*** RECORDS FOR PROCESSING Section Begins ***

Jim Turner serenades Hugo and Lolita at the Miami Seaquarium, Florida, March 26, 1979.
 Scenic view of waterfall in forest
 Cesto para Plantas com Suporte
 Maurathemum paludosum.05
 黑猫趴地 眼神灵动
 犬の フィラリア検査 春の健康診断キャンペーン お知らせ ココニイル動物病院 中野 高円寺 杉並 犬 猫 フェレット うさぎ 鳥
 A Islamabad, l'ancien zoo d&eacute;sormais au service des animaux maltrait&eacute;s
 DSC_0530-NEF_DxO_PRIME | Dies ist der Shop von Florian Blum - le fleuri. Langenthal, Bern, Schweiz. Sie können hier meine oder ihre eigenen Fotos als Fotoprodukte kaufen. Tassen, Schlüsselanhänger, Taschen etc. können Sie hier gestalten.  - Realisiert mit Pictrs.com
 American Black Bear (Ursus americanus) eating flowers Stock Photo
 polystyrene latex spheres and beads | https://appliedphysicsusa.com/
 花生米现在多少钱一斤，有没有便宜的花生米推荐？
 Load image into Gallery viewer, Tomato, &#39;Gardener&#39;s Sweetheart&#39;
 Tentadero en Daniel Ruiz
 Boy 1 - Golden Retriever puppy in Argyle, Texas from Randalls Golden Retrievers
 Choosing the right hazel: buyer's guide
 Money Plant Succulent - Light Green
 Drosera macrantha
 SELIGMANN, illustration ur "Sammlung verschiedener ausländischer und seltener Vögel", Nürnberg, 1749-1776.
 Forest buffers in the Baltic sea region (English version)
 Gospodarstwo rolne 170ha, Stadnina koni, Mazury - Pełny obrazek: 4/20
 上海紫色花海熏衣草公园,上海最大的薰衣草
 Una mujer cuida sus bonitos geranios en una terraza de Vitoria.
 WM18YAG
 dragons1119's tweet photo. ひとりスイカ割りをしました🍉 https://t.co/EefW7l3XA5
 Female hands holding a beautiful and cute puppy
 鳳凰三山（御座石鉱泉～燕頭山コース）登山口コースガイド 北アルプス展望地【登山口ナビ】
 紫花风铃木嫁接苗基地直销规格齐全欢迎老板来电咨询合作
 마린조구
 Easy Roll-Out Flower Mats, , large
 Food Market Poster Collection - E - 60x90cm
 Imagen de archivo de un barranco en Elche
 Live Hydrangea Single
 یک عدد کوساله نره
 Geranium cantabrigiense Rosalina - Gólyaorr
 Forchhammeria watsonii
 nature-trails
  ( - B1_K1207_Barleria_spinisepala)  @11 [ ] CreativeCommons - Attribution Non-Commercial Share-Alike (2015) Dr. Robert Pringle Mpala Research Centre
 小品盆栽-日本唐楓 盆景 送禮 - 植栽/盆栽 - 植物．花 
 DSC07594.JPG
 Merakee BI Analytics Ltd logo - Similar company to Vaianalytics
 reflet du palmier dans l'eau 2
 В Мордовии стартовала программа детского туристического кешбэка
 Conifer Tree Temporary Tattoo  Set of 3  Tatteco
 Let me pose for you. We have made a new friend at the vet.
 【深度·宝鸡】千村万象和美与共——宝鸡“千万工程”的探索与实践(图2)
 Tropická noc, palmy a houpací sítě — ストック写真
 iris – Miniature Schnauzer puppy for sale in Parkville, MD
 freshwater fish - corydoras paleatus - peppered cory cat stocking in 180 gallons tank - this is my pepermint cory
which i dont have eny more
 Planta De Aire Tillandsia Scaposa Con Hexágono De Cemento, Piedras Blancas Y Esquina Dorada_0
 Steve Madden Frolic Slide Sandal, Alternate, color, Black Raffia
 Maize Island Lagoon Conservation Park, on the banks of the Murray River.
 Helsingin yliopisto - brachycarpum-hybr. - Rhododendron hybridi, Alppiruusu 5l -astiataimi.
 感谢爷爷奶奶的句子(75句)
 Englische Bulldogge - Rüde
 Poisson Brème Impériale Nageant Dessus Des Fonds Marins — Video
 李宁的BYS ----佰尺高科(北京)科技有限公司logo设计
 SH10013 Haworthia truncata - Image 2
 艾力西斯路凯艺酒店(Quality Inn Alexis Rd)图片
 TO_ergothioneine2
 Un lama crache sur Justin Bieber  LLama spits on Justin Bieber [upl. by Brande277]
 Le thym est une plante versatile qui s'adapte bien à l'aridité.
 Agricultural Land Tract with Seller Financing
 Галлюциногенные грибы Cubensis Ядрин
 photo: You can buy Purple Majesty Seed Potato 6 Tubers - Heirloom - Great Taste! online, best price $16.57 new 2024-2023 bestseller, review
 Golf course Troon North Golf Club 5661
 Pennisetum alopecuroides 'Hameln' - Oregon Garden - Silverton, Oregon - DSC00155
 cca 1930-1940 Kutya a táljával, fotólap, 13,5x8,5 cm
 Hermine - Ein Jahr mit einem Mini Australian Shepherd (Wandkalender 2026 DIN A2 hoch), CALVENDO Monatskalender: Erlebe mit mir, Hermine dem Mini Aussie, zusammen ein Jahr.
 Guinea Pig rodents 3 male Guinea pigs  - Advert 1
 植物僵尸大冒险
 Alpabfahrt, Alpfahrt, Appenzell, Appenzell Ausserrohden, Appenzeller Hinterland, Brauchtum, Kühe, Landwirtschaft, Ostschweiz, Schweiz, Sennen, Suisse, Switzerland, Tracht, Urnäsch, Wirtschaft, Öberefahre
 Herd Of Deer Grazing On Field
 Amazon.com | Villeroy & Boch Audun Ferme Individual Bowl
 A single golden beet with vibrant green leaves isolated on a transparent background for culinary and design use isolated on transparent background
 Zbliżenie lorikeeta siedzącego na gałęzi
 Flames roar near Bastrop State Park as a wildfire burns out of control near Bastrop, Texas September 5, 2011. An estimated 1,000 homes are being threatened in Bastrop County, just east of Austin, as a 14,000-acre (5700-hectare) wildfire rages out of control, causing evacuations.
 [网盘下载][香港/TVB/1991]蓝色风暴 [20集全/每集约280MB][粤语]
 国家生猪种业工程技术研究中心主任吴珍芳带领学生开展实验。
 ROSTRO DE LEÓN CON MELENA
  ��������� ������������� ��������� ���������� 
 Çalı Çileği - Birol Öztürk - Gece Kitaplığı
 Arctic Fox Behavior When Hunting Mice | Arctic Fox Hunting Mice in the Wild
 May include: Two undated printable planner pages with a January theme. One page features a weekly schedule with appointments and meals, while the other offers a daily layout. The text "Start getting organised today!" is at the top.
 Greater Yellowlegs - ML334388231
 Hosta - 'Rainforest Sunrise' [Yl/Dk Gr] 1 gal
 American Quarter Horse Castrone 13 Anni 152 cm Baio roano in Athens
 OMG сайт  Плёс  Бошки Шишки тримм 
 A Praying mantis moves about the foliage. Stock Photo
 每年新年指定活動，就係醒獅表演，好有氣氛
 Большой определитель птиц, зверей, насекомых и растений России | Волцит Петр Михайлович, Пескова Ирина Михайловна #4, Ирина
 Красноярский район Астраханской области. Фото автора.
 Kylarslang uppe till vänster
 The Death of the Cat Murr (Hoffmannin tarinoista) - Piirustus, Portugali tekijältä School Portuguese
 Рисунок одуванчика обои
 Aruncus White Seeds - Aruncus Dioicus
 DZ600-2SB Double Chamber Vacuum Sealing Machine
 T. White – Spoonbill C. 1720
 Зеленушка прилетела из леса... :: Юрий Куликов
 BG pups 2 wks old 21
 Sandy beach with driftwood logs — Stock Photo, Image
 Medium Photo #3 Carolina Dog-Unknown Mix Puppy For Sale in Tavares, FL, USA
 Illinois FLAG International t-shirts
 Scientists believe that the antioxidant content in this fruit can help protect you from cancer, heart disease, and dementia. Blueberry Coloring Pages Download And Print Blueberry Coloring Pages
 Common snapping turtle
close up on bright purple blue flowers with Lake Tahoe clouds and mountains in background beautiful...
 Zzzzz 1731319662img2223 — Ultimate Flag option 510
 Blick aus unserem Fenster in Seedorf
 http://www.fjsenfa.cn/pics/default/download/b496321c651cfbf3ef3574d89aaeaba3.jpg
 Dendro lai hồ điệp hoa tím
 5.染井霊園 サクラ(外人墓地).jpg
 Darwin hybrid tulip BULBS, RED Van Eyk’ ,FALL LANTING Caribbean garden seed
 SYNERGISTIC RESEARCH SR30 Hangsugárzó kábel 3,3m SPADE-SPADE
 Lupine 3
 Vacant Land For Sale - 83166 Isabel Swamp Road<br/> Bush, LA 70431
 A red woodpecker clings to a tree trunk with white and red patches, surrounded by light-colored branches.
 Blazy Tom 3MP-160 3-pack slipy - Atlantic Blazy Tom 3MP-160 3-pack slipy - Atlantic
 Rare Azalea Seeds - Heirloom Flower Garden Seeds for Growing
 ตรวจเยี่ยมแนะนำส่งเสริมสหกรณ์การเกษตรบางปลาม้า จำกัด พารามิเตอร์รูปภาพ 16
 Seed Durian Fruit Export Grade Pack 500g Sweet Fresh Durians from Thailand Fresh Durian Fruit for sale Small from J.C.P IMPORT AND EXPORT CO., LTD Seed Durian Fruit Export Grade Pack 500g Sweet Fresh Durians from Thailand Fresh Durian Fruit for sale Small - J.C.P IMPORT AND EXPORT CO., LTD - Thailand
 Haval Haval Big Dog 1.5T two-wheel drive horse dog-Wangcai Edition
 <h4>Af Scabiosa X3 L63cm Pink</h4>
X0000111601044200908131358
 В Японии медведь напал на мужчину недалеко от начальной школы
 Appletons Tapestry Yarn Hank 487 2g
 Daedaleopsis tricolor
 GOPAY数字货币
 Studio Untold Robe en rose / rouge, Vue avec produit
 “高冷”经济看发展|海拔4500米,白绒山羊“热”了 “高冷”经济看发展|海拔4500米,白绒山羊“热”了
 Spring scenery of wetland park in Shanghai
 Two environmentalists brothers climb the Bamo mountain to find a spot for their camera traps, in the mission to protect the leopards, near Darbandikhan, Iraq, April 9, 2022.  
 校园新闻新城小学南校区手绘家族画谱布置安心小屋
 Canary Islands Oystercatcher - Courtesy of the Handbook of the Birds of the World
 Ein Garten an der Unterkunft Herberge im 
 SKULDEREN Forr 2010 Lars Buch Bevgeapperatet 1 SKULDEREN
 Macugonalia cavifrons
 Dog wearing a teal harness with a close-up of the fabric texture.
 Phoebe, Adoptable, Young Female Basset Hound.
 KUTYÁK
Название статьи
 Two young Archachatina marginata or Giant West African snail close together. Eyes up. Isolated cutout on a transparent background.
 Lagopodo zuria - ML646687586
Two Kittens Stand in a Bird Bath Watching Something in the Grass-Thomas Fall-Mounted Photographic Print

*** RECORDS FOR PROCESSING Section Ends ***

ASSIGNMENT: Return solely the number of lines in the data that include the word "Heirloom".

TASK RESPONSE: 2